The district court resolved this conflict in the statutes by reliance on the regulation, the language of which the judge described as “strong and precise.” We must disagree with this approach in the circumstances of this case. As we shall explain, one of the statutes in conflict pre-dates the regulation, while the other two were enacted after it. Therefore, the Oklahoma Insurance Department, in enacting the regulation, could not have been attempting to unravel the statutory puzzle that we address here. “An agency's authority to make rules under statutory authority is limited to the authority granted by those statutes, and such rules may not be contrary to those statutes.” Heiman v. Atl. Richfield Co., 891 P.2d 1252, 1256 n. 2 (Okla.1995). The language of the regulation cannot logically be used to resolve a conflict between statutes when the regulation was promulgated before some of the statutes in conflict. Consequently, we must interpret the statutes employing the relevant principles in order to predict the result that the Oklahoma Supreme Court would reach. See Boehme v. U.S. Postal Serv., 343 F.3d 1260, 1264 (10th Cir.2003).

“[T]he primary goal of statutory interpretation is to ascertain and follow the Legislature's intention.” Duncan v. Oklahoma Dept. of Corr., 95 P.3d 1076, 1079 (Okla.2004).

It is also the settled rule when a court is construing seemingly conflicting statutes that a specific statute controls over one of more general applicability and the most recent enactment controls over an earlier one. It is further understood that only when two statutory provisions irreconcilably conflict will an implied repeal of the earlier or more general provision be found. Finally, the more recent and specific statute will be determined to modify or supercede an earlier, more general statute only to the extent necessary to avoid the irreconcilable conflict or inconsistency.

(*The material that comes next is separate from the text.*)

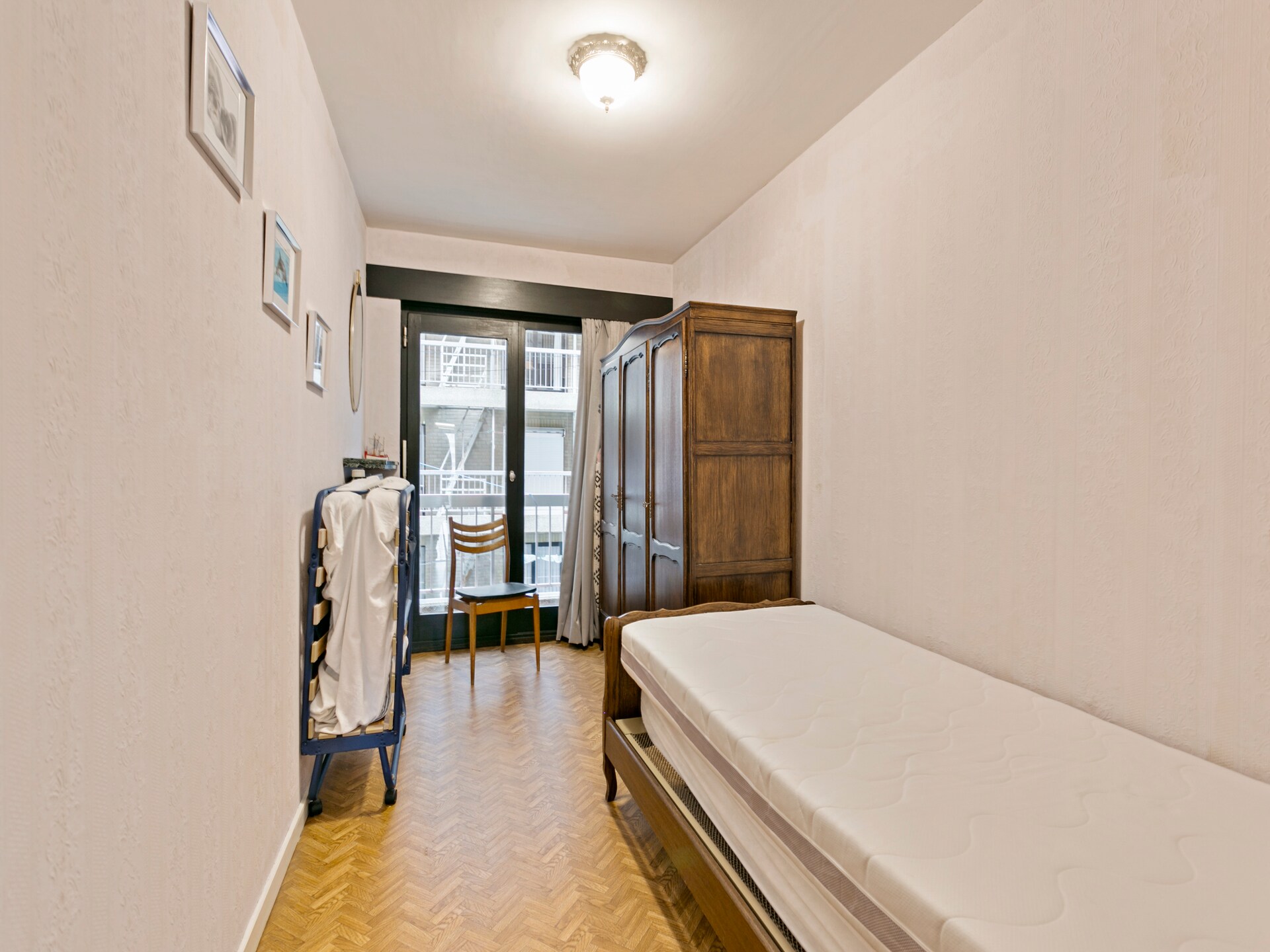 4-persoons appartement met havenzicht in Blankenberge - foto 14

Id. (internal citations omitted).

These principles of statutory construction guide our task here. We address the inconsistencies in the statutes only to the extent necessary to resolve them in the context of this particular dispute. The Oldenkamps' argument that a limited benefit policy is a type of health insurance-and so subject to the regulation-is based on statutory language that appears to have been unchanged since 1979, when subsection B was added to 36 Okla. Stat. § 3611 (to be effective on January 1, 1982). As previously noted, that subsection directed the Oklahoma Insurance Department to adopt rules and regulations, and the regulation prohibiting exclusions for congenital anomalies of dependent children was promulgated in response to that directive (also with an effective date of January 1, 1982).

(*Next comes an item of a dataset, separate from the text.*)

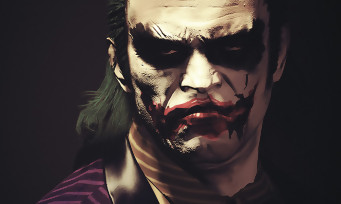 GTA 5 : Trevor déguisé en Joker est aussi flippant qu'impressionnant !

United's argument relies on statutes that are of more recent vintage and are more specific with regard to limited benefit policies. The Oklahoma legislature did not define “limited benefit insurance” until it passed 36 Okla. Stat. § 4403.1(A) in 1996 and, in doing so, it specifically excluded limited benefit insurance from the definition of “accident and health insurance” in 36 Okla. Stat. § 4403.1 Where the regulation forbids excluding or limiting coverage for congenital anomalies of dependent children, section 4403.1(A)(2) specifically provides that a policy of limited benefit insurance may include a waiting period for coverage. This is a direct conflict with the regulation because the waiting period clearly does limit coverage for the congenital defect at issue here, as the language of the policy makes plain:

This policy does not insure You against loss incurred during the twelve (12) months immediately after the effective date of this policy if that loss results from a Pre-Existing Condition. In addition, any Pre-Existing condition listed on the application is not covered for the first twelve (12) months after the policy effective date.

I Jnt.App. 142.

The regulation, as applied by the district court in this context, is contrary to the more recent statutes. It therefore may not be applied here to invalidate the policy provision that is specifically authorized by statute.

Accordingly, we hold that the more specific and more recent statutory provisions must control here. A waiting period for coverage of pre-existing conditions in limited benefit policies is expressly authorized by section 4403.1. The regulation, which provides that pre-existing conditions may not be excluded for congenital anomalies of dependent children, was promulgated before the Oklahoma legislature enacted section 4403. 1, defining limited benefit insurance for the first time and specifically permitting such insurance to include a waiting period for coverage. The regulation cannot control over the more recent enactment of the legislature. We need not decide on this appeal whether the Oklahoma Insurance Department could now enact a similar regulation applicable to limited benefit insurance.

It was therefore error for the district court to grant summary judgment in favor of the Oldenkamps on their breach of contract claim, and that ruling is reversed.2 The district court's opinion noted that the Oldenkamps had argued, in their reply brief below, that the policy is not actually a “limited benefits” policy. Dist. Ct. Order of June 3, 2009 at 11, n. 6. We leave it for that court on remand to determine whether this issue was properly raised and preserved there. Although the Oldenkamps could have advanced this argument as an alternative ground for affirming the district court's ruling in their favor, a party is not required to raise alternative arguments.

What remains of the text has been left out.